Web Application Recon

For web applications specifically:

# Check for common files
curl -s https://example.com/robots.txt
curl -s https://example.com/.git/HEAD
curl -s https://example.com/.env
curl -s https://example.com/wp-login.php
curl -s https://example.com/admin

# Check security headers
curl -I https://example.com | grep -iE "(security|csp|x-frame|strict)"

What to look for:

Exposed .git directories (full source code leak)
.env files (database credentials, API keys)
Default admin panels
Outdated CMS versions
Missing security headers
Debug/development modes left enabled

Organizing Your Findings

Recon produces a lot of data. Organize it:

Target: example.com
├── Domains & Subdomains
│   ├── example.com → 93.184.216.34
│   ├── mail.example.com → 93.184.216.40
│   ├── dev.example.com → 93.184.216.50
│   └── vpn.example.com → 10.0.0.1 (internal? interesting)
├── Open Ports
│   ├── 22/tcp (SSH - OpenSSH 8.9)
│   ├── 80/tcp (HTTP - nginx 1.18)
│   ├── 443/tcp (HTTPS - nginx 1.18)
│   └── 3306/tcp (MySQL - should this be exposed?)
├── Technology Stack
│   ├── Server: Ubuntu 22.04
│   ├── Web: nginx + PHP 8.1
│   ├── CMS: WordPress 6.2 (outdated)
│   └── Database: MySQL 8.0
├── People
│   ├── IT Admin: John Smith (LinkedIn)
│   ├── Email format: j.smith@example.com
│   └── 3 employees in breach databases
└── Potential Issues
    ├── MySQL exposed to internet
    ├── WordPress outdated by 2 major versions
    ├── dev.example.com accessible without auth
    └── No CSP header on main site

This becomes the attack plan - or, from a defensive perspective, the remediation list.

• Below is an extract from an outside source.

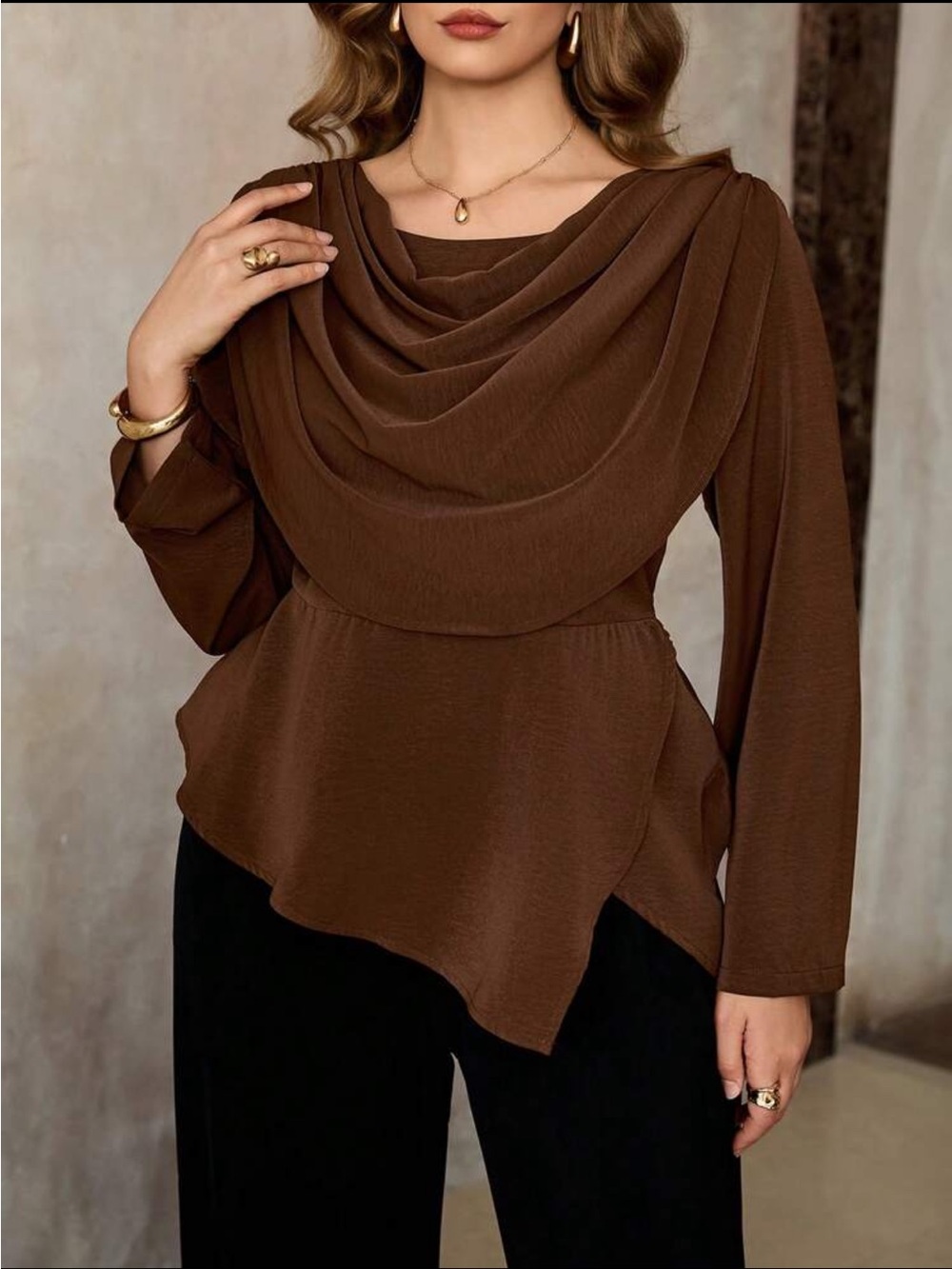 Roveilla Plus Size Women's Chocolate Brown Cowl Neck Top, size 4XL BNWOT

The Defender’s Perspective

For every recon technique, there’s a defense:

Recon Technique	Defense
DNS enumeration	Minimize DNS records, use split-horizon DNS
Subdomain discovery	Remove unused subdomains, monitor Certificate Transparency
Job posting analysis	Be vague about specific technologies
LinkedIn OSINT	Security awareness training
Port scanning	Minimize exposed ports, use port knocking, IDS alerts
Directory brute-force	Custom error pages, rate limiting, WAF
Technology fingerprinting	Remove version headers, customize error pages
Credential exposure	Monitor breach databases, enforce unique passwords

Attack surface management is the defensive equivalent of reconnaissance. Know what you expose before attackers find it. Tools like Shodan, Censys, and SecurityScorecard show you what the internet sees.

What to Monitor

Watch for:
- Unusual DNS queries for internal subdomains
- Port scan patterns in firewall logs
- Brute-force directory enumeration in web logs
- Login attempts using breached credentials
- New subdomains appearing in Certificate Transparency

Practice Safely

Only perform active reconnaissance against systems you own or have explicit written permission to test.

For practice:

Your own lab - Scan your own VMs
HackTheBox - Machines designed for enumeration practice
TryHackMe - Guided recon rooms
OSINT Framework - osintframework.com - Collection of OSINT resources
Google Dorking practice - Use against your own domains

What’s Next

Reconnaissance gives the attacker a target. The reverse shell posts covered what happens after exploitation - getting interactive access. Now we’ll jump to what happens once you’re in but need more power: privilege escalation.

References

MITRE ATT&CK - Reconnaissance
OWASP - Web Security Testing Guide
Certificate Transparency Search - crt.sh
Shodan - Search engine for internet-connected devices

The best attackers spend more time on recon than exploitation. The best defenders think like attackers and monitor their own attack surface. Know what you expose.